Something From Nothing: Homemade Stuffing

One of my favorite cooking escapades is to make something from nothing.  That nothing is referring to a little of this and a little of that from the refrigerator, pantry or freezer which could easily be thrown out.  Sometimes when you have the right amounts of nothing, you can make something quite delicious!

Today I am trying my hand at making my own stuffing from various bits of bread that I have been stashing away in the freezer.  I've been making homemade bread for many months now, and sometimes I'm ready for a fresh new loaf before we finish the last one.  Instead of throwing the old bread out, I've been cutting it into cubes or tearing it into little pieces and putting it in a bag in the freezer.  My plan had been to make stuffing or croutons.  Stuffing it was.

I somewhat followed a recipe from the book "Make-A-Mix" by Karine Eliason, Nevada Harward and Madeline Westover.  Basically you make a dry stuffing mix which you can store in your pantry like any other stuffing mix, and then add wet ingredients and bake when you're ready to eat it.  I'm very interested in getting as many processed foods out of our house as possible, and I do love stuffing, so I figured it would be worth trying this recipe.
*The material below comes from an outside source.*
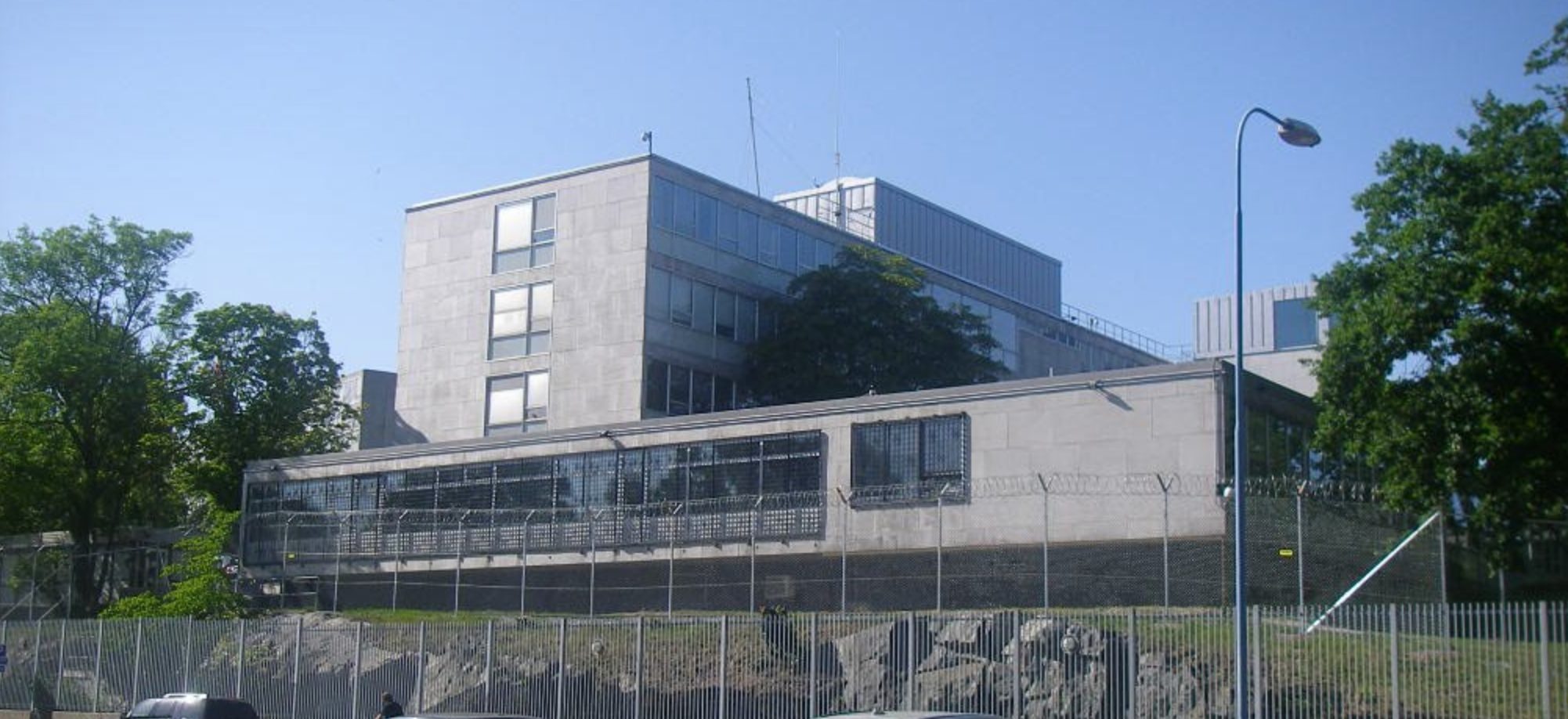USA-ambassade i Stockholm med terror-alert. Overhengende fare&nbsp;<span>(+)</span>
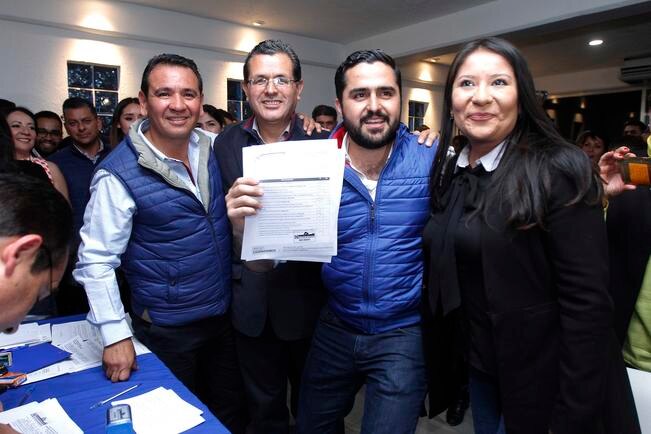 Agustín Dorantes va por el Distrito 4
You're supposed to start out with 30 slices of firm-textured bread, cut into 1/2 inch cubes.  I just guessed and used what I had, which ended up being approximately the right amount.  All of my bread was also frozen to start out with. 



Bake in a 300 degree oven for about 45 minutes, or until the bread gets a little toasty and dries out.  Stir occasionally as it is cooking.


Combine:
1/2 cup canola oil (reduced from 2/3 cup in original recipe)
3 tablespoons instant minced onion
3 tablespoons dried parsley flakes
2 teaspoons garlic salt
3/4 teaspoon ground sage
1/2 teaspoon pepper

When the bread is done, put it in a bowl and add the seasonings.  Toss lightly until the oil mixture coats the bread cubes as well as possible.  Then you can put the stuffing mixture in an airtight container and store in a cool, dry place for 3-4 months.  I just divided mine into two containers:  one for tonight's dinner, the other for another time.



To make the stuffing:

1 cup chicken broth
1/2 stick butter, melted (yikes!  This is reduced from 6 tablespoons in the original recipe)
1 onion, finely chopped
4 large sticks celery, finely chopped (I used carrots instead because that's what I had)
6-7 cups of the bread/seasoning mix

Melt butter in a skillet and saute onion and celery/carrots until crisp-tender.  In a large bowl, combine the bread mix with the vegetables and chicken broth.  Toss lightly and put mixture in a lightly buttered casserole dish.  The recipe didn't say to cover the dish, but I did.  Bake 30 minutes at 350 degrees. 

We went for total comfort food last night with rotisserie chicken, stuffing and mashed potatoes.  Yum, it was delish.  My husband couldn't believe it was homemade.  This recipe is a keeper!